The Board of Supervisors argued the ballots were secret, the Legislature “had no right to access them,” and the subpoenas Senate President Karen Fann issued were “for an illegitimate purpose.”
“The Senate’s lawyers contended that the constitution gives the Legislature the role of maintaining the purity of elections and make sure voter integrity is protected, that the subpoenas were legal and a proper use of legislative power,” the article said.
Judge Thomason agreed with the Senate and called the subpoenas “legal and enforceable” in his ruling.
“There is no question that the Senators have the power to issue legislative subpoenas,” the judge wrote. “The Subpoenas comply with the statutory requirements for legislative subpoenas.

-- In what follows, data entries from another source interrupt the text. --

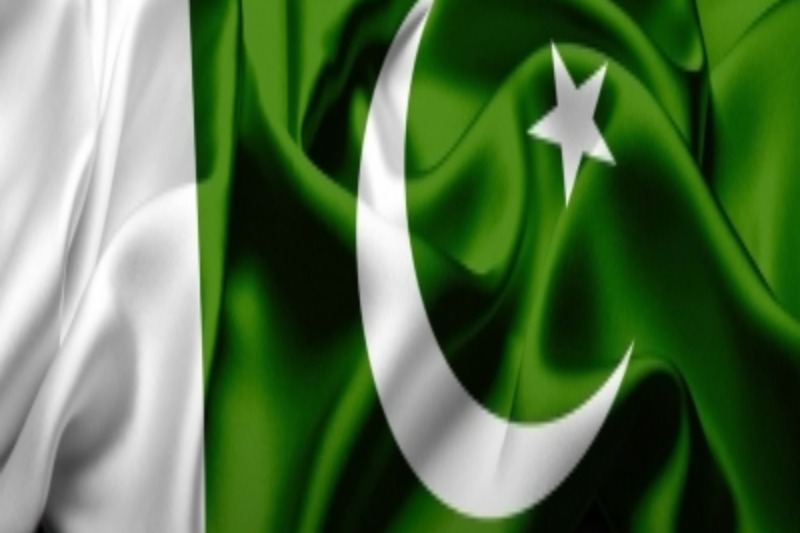 NIA probe unmasks TRF’s foreign funding trail, tightens FATF noose on Pakistan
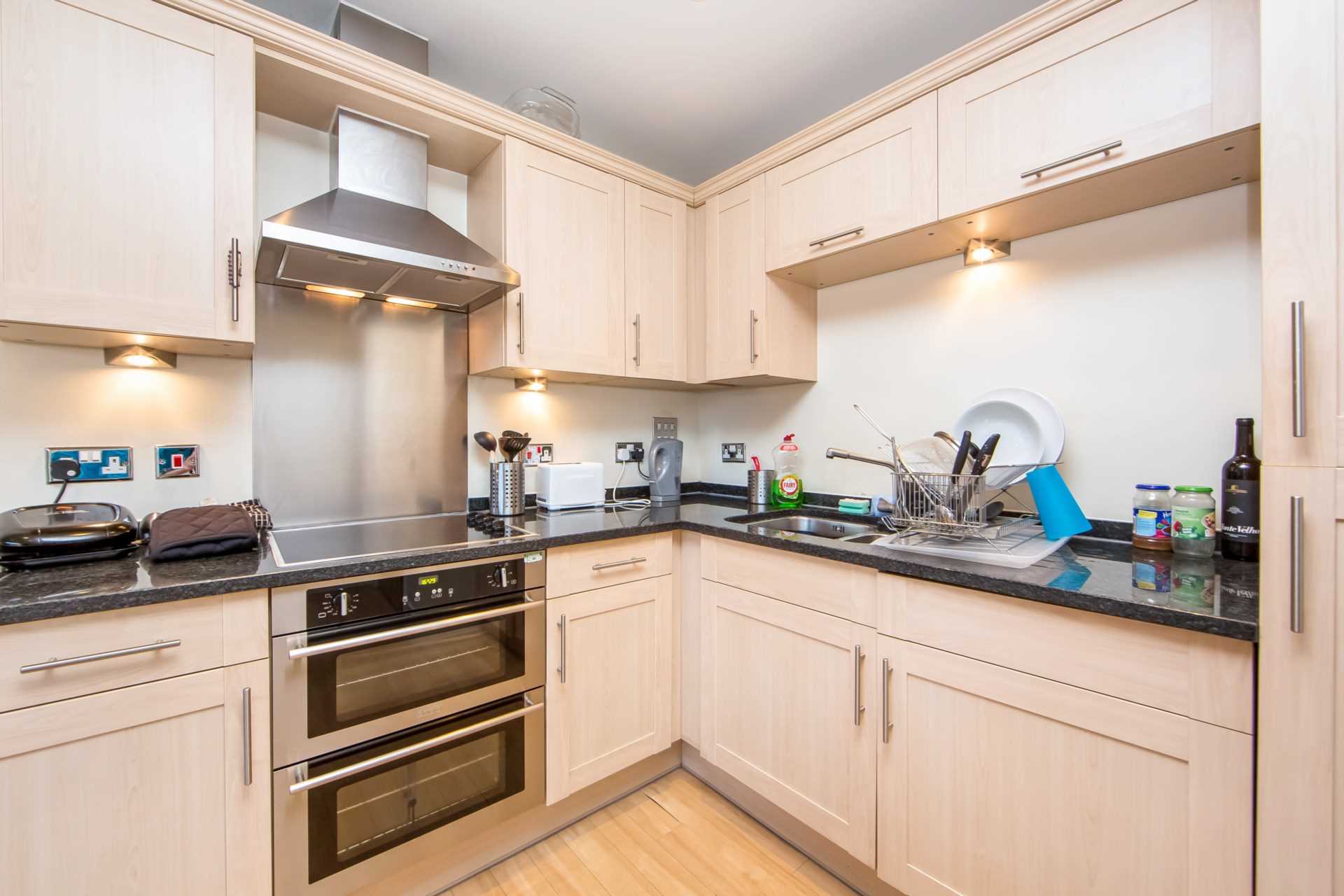 Additional Property Image 2 bedroom Apartment to rent in London 2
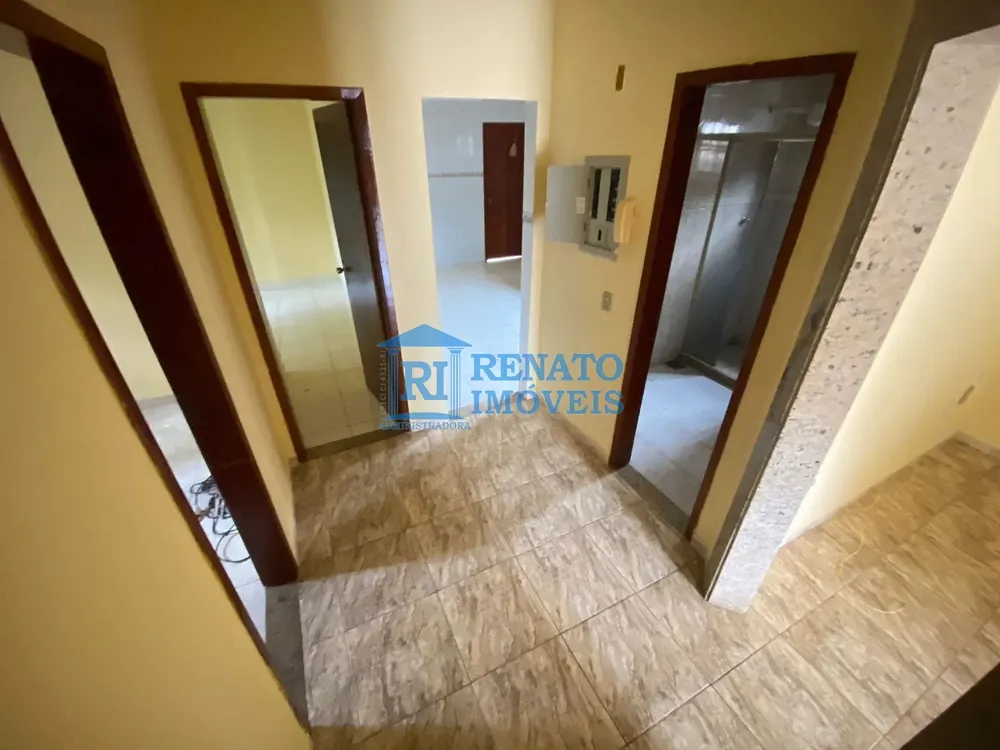 Casa, 5 quartos, 120 m² - Foto 11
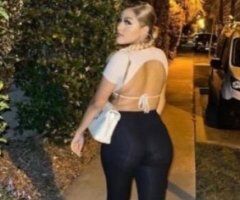 Oakland/East Bay escorts - $$$100 SPECIAL ASK FOR CATALINA! 💦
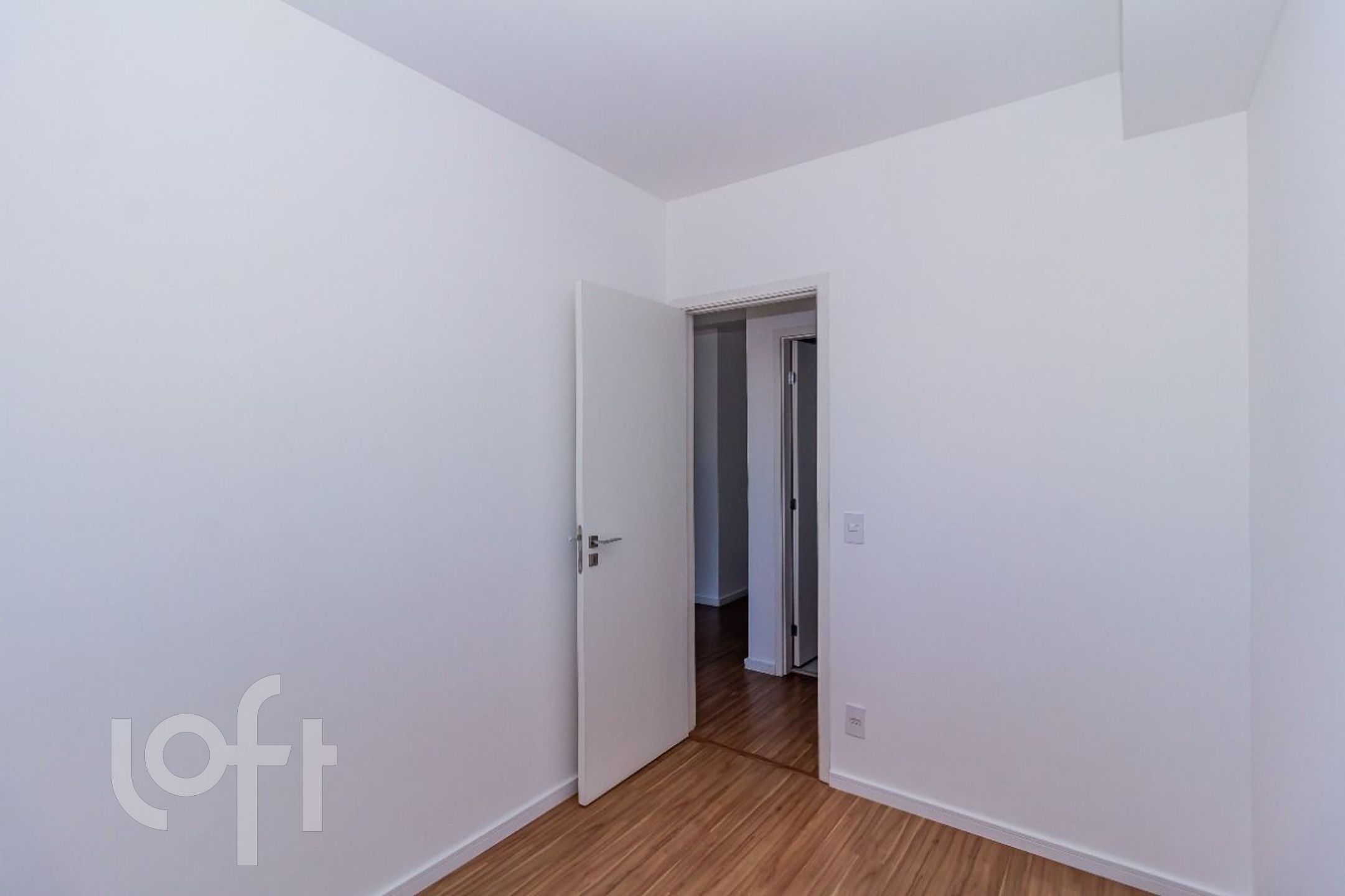 Apartamento à venda com 2 quartos, 61m² - Foto 16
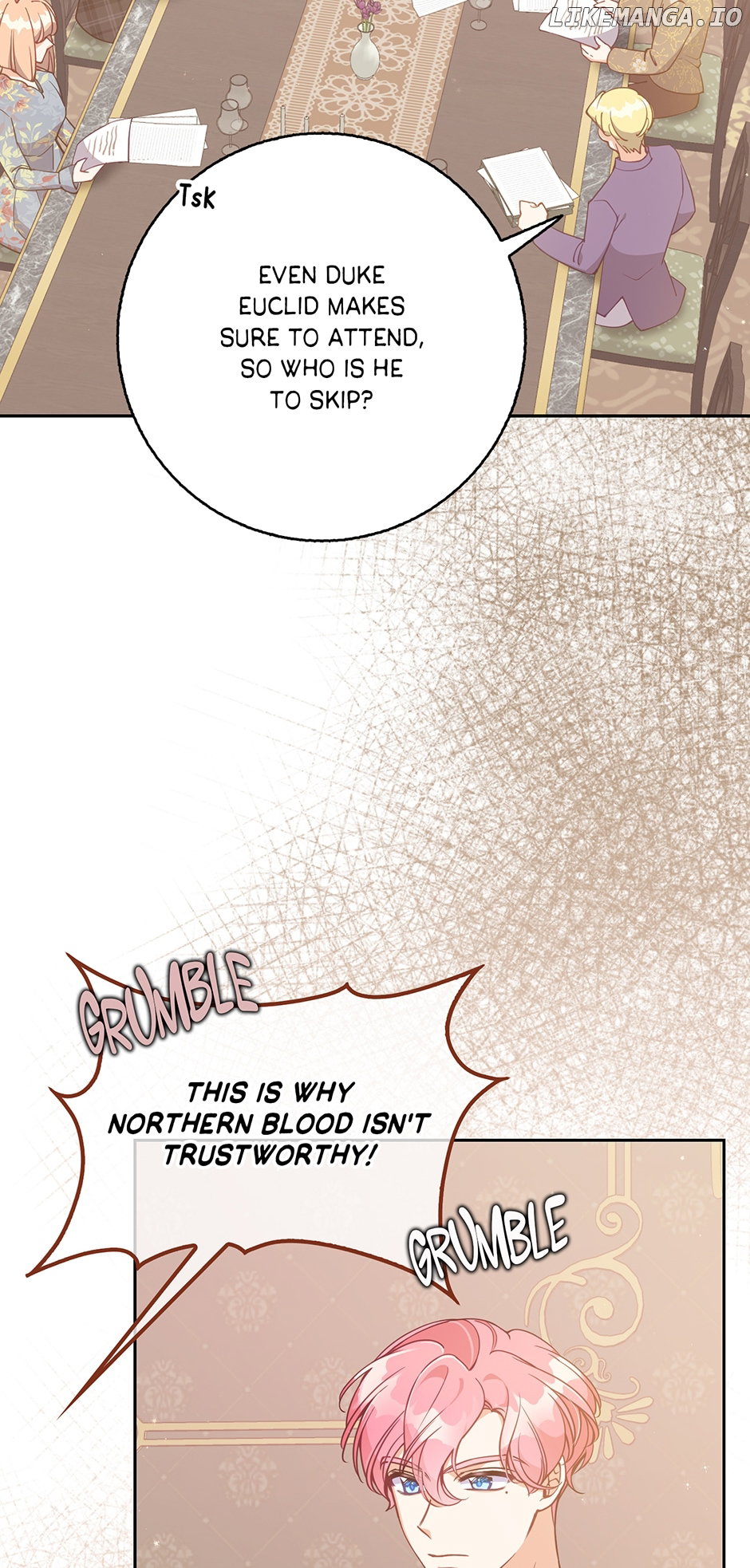 Chapter 122 - Image 3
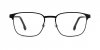 OKULARY KOREKCYJNE CARRERA CA 253 003 53 ROZMIAR M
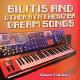 DJ_Kavaler  [http://musvkontakte.ru] - Robert Miles Children 2009 extended mix  Для загрузки воспользуйтесь ссылкой - http://musvkontakte.ru/DJ_Kavaler.html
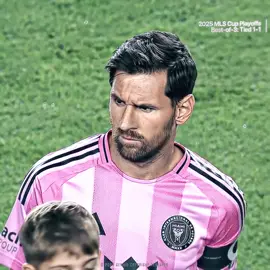 Messi brace🐐 #geniusmessii #messi #goat #football 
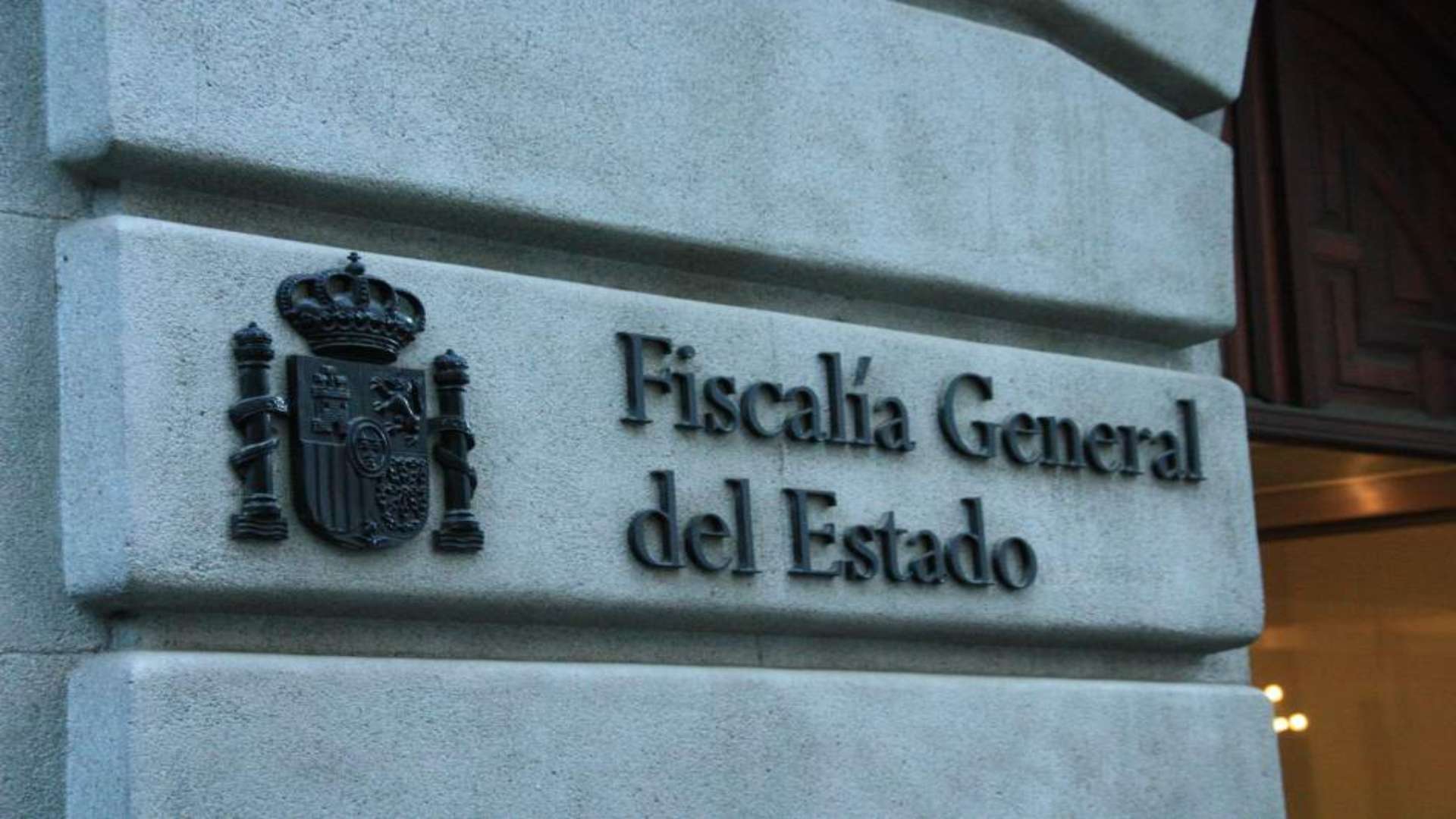 La Fiscalía deja sola a la víctima de una agresión sexual en Málaga por parte de dos magrebíes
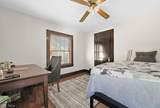 2616 Ridgewood Avenue - Photo 15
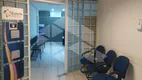 Foto 4 de Sala Comercial para alugar, 97m² em Centro Histórico, Porto Alegre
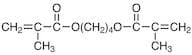 Tetramethylene Glycol Dimethacrylate (stabilized with MEHQ)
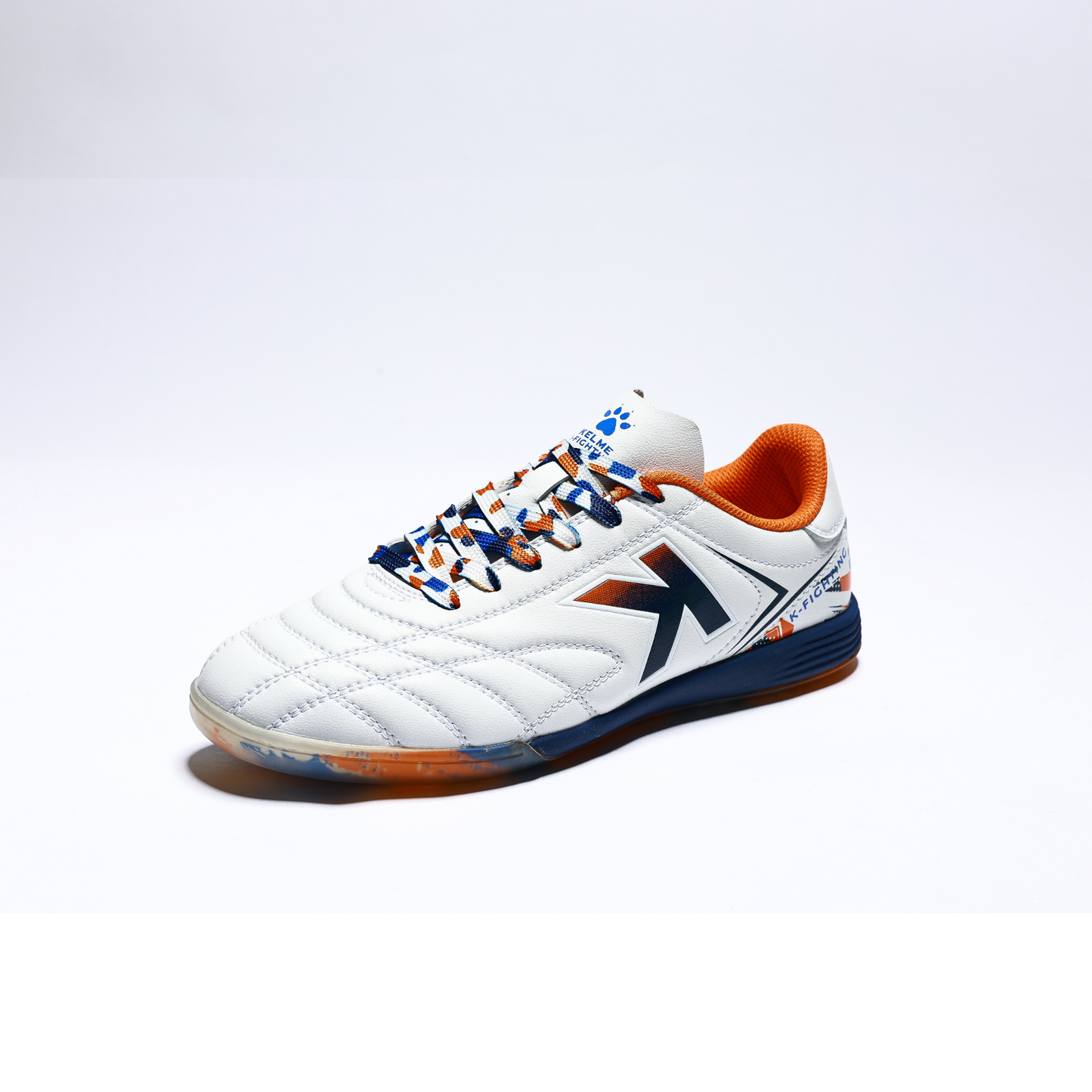 Kelme Espana Futsal Shoe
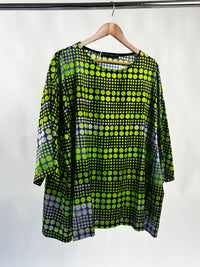 Tusti Connect Top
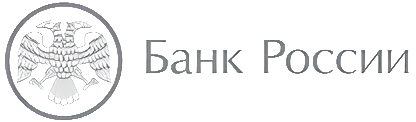 Многопрофильный медицинский центр Банка России, поликлиника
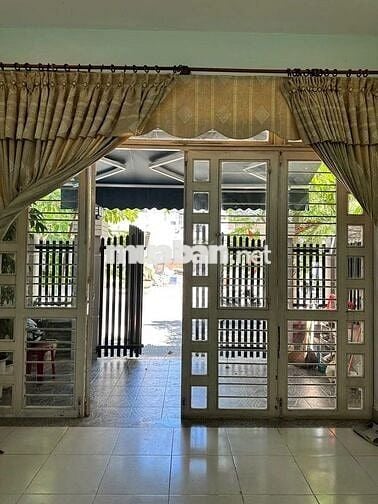  CHO THUÊ NHÀ NGUYÊN CĂN GẦN BIỂN PHẠM VĂN ĐỒNG, SƠN TRÀ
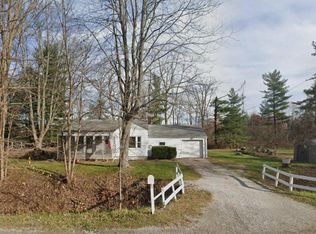 2456 40th St, Port Huron, MI 48060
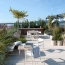  Annonces TASSIN : Appartement | LYON (69009) | 122 m2 | 945 000 &euro; 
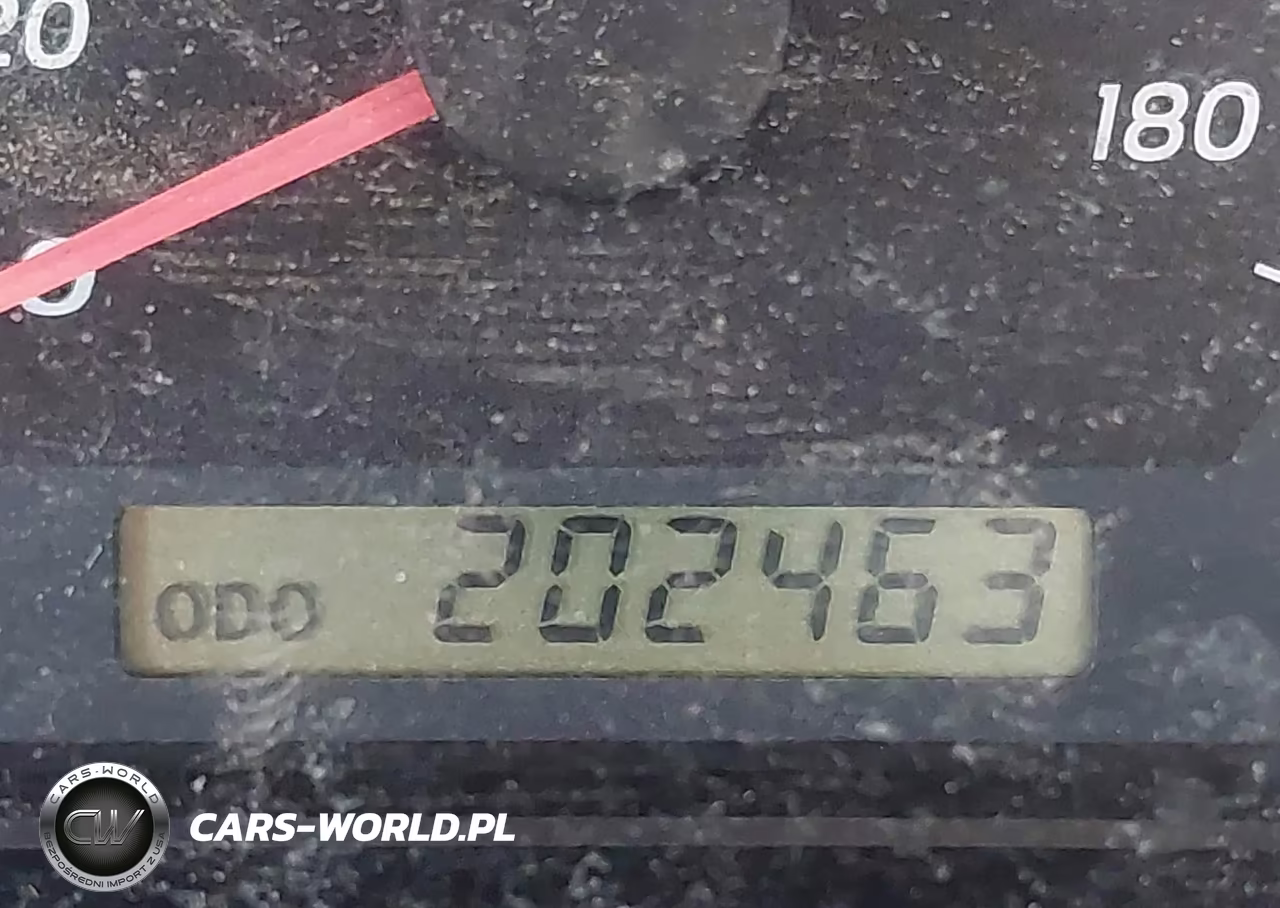 2006 Toyota Tundra Sr5 V8 VIN:5TBRT34176S477607 - 16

The Senate also has broad constitutional power to oversee elections.”
In a statement Friday, Maricopa County Board of Supervisors Chairman Jack Sellers said the county “will immediately start working to provide the Arizona Senate with the ballots and other materials.”
“We hope senators will show the same respect and care we have for the 2.1 million private ballots and use them in service of their legislative duties,” he added.
When the Supreme Court decided last week, by one vote, to hear none of the 2020 election cases regarding issues of voter fraud and illegal votes, Justice Clarence Thomas declared, “Our fellow citizens deserve better and expect more of us.”
“For more than a century, this Court has recognized that the Constitution operates as a limitation upon the State in respect of any attempt to circumscribe the legislative power to regulate federal elections,” he continued.
“Because the Federal Constitution, not state constitutions, gives state legislatures authority to regulate federal elections, petitioners presented a strong argument that the [State] Pennsylvania Supreme Court’s decision violated the Constitution by overriding the clearly expressed intent of the legislature.”
“But elections enable self-governance only when they include processes that give citizens (including the losing candidates and their supporters) confidence in the fairness of the election,” Thomas added.
In November, three Arizona Republicans — Reps. Andy Biggs, Paul Gosar, and David Schweikert — called for an audit of the ballots in Maricopa County due to what they described as issues regarding the “integrity” of the state’s “election systems,” Breitbart News reported.
“Americans and Arizonans must have full confidence in our election processes and systems in order to maintain the bedrock of our constitutional republic,” Biggs said at the time.